Mose and Amanda Yoder, Route 11B, Potsdam, said they’ve always taught their eight children to be careful when manning the family’s vegetable stand and the incident prompted them to repeat those discussions and keep a closer eye on their children when they’re outside.

“It wakes us again that they (bad things) do happen in this world and we have to be careful,” Mr. Yoder said. “We talked about it as a family and explained how things happen like that.”

Mrs. Yoder said, “It gave us a warning. We try not to have the kids down by the stand too much by themselves.”

She said the alleged kidnapping made her “feel pretty sad,” but those feelings turned to relief when the girls returned to their Heuvelton area home on Mount Alone Road off of state Route 812.

“The good part is they’re home again and they’re OK,” Mrs. Yoder said.

Daniel Z. Martin said he will continue to allow his oldest child, age 11, to wait on customers at Martin’s Farmstand on Needham Road, Potsdam. However, he said an adult is always nearby, and he intentionally built the stand away from the highway and close to the family’s home. Mr. Martin and his wife, Mendy, have eight children.

“We know there’s 10,000 good people and bad one. One is too many to do something like that,” Mr. Martin said, referring to the alleged abduction. “There would be some marketing advantages to being on the main road, but the site we have is a safer, better way to live for my family.”

An Amish farmer from Lisbon who did not want to give his name said his 14-year-old son will wait on the stand instead of his daughters if he and his wife are not home to keep an eye on things.

“We need to sell the vegetables. It’s part of our livelihood,” he said.

Fannie Miller, 55, of Route 184, Depeyster, is the aunt of the two girls who were allegedly snatched from their roadside vegetable stand six days ago and driven away in a white four-door sedan. Her family has operated a vegetable stand for nearly 30 years and on Monday two of her children, a 17-year-old daughter and 13-year-old son, were manning the stand.

Mrs. Miller said she’s always taught her children not to get too close to a stranger’s vehicle, but she’s been extra watchful since last week’s ordeal. She has eight children and 14 grandchildren.

“I think now we’re just being a little more careful,” she said as customers drove up to her roadside stand stocked with vegetables, jams and hand-sewn pot holders.

For about three days after the alleged kidnapping, Mrs.
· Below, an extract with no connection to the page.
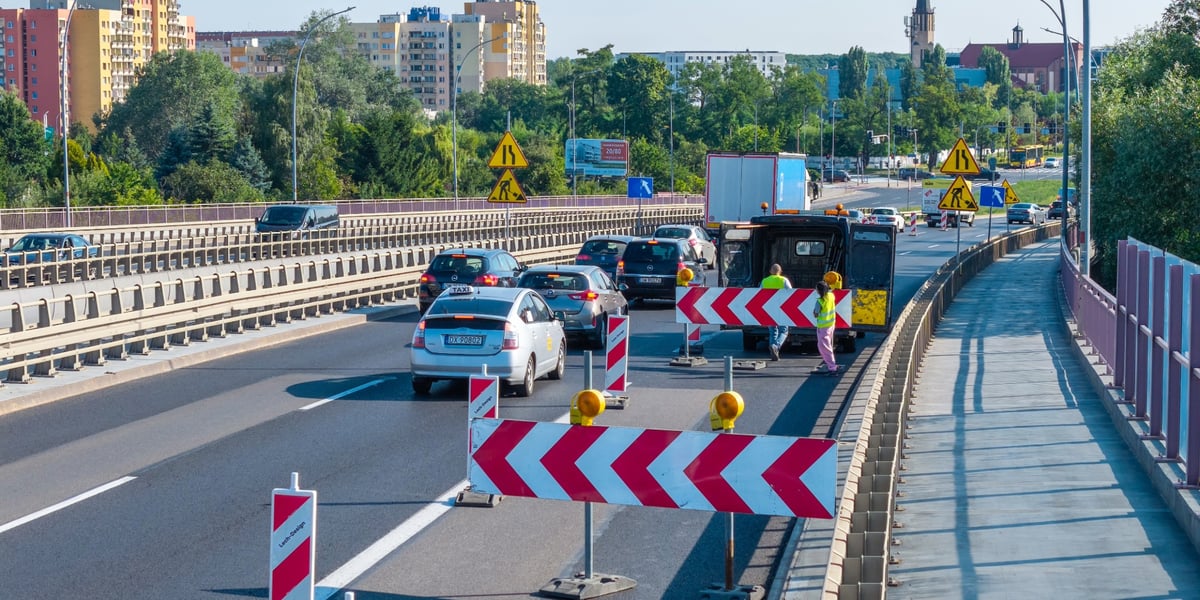 Rozpoczyna się remont na Gądowiance. W poniedziałek rano ekipy ustawiały tymczasowe oznakowanie i barierki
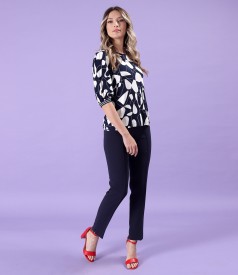 Elegant blouse made of elastic jersey printed with geometric motifs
Miller said business was noticeably slower at the family’s stand.

“We felt people didn’t want to face us because they felt so sad,” she said.

Richard P. TeRiele, Old DeKalb Road, Canton, said it’s been business as usual at his sweet corn stand and he’s not worried about letting his sons, ages 13 and 15, wait on customers. The stand only stays open until about 5 p.m. and it’s just a short distance from the family’s farmhouse.

“They’re pretty alert. If there’s somebody creepy, they know enough to go in the house and get someone,” Mr. TeRiele said.